• Supplied material:
====================
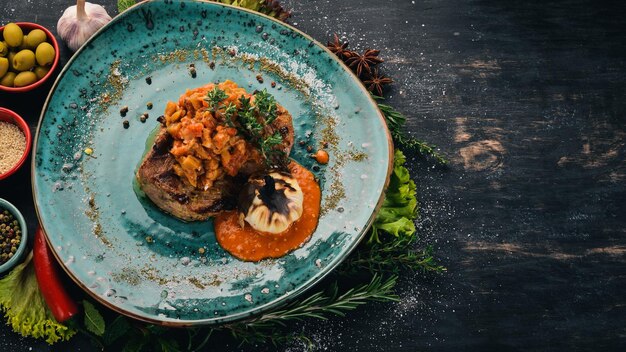 Pork steak grilled with zucchini caviar Meat Top view On a black wooden background Copy space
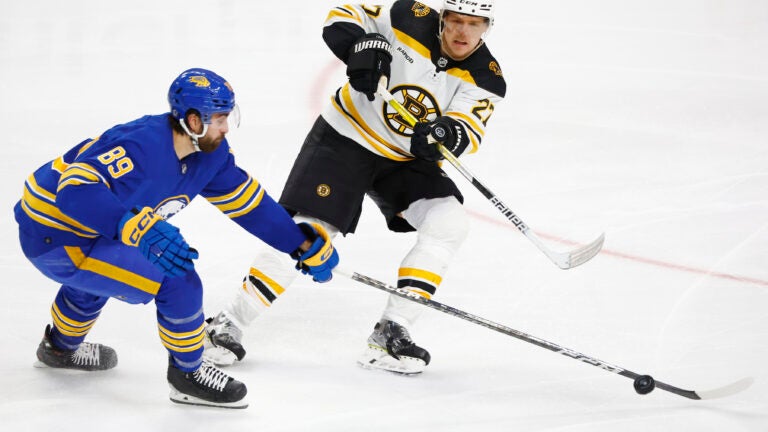 Boston Bruins defenseman Hampus Lindholm passes the puck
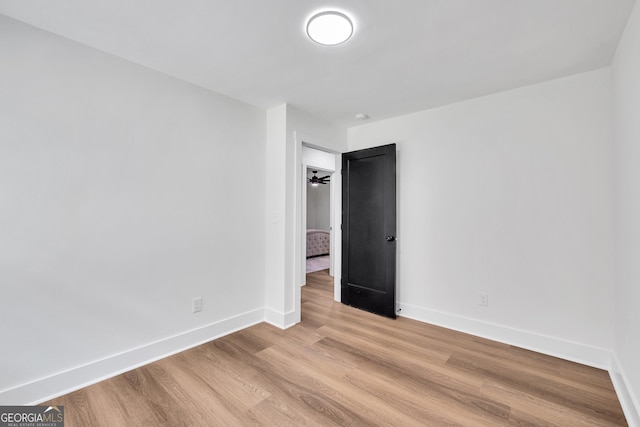 spare room with light hardwood / wood-style floors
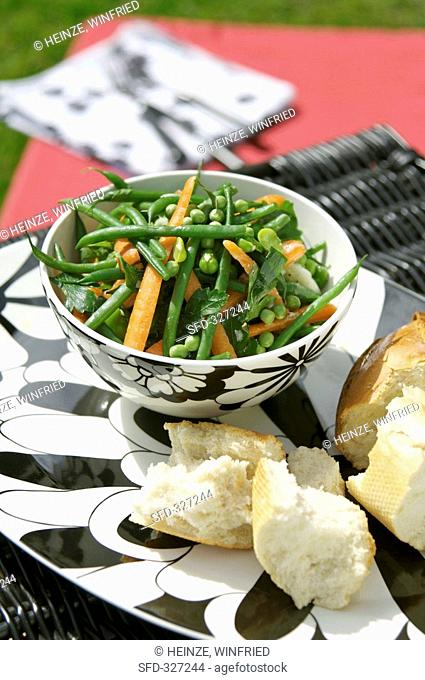 Picnic: pea, bean and carrot salad in a bowl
====================
• Task goal:
With the pictures removed, return the listing above in its exact original wording.

• Reply to the exercise:
 Pork steak grilled with zucchini caviar Meat Top view On a black wooden background Copy space
 Boston Bruins defenseman Hampus Lindholm passes the puck
 spare room with light hardwood / wood-style floors
 Picnic: pea, bean and carrot salad in a bowl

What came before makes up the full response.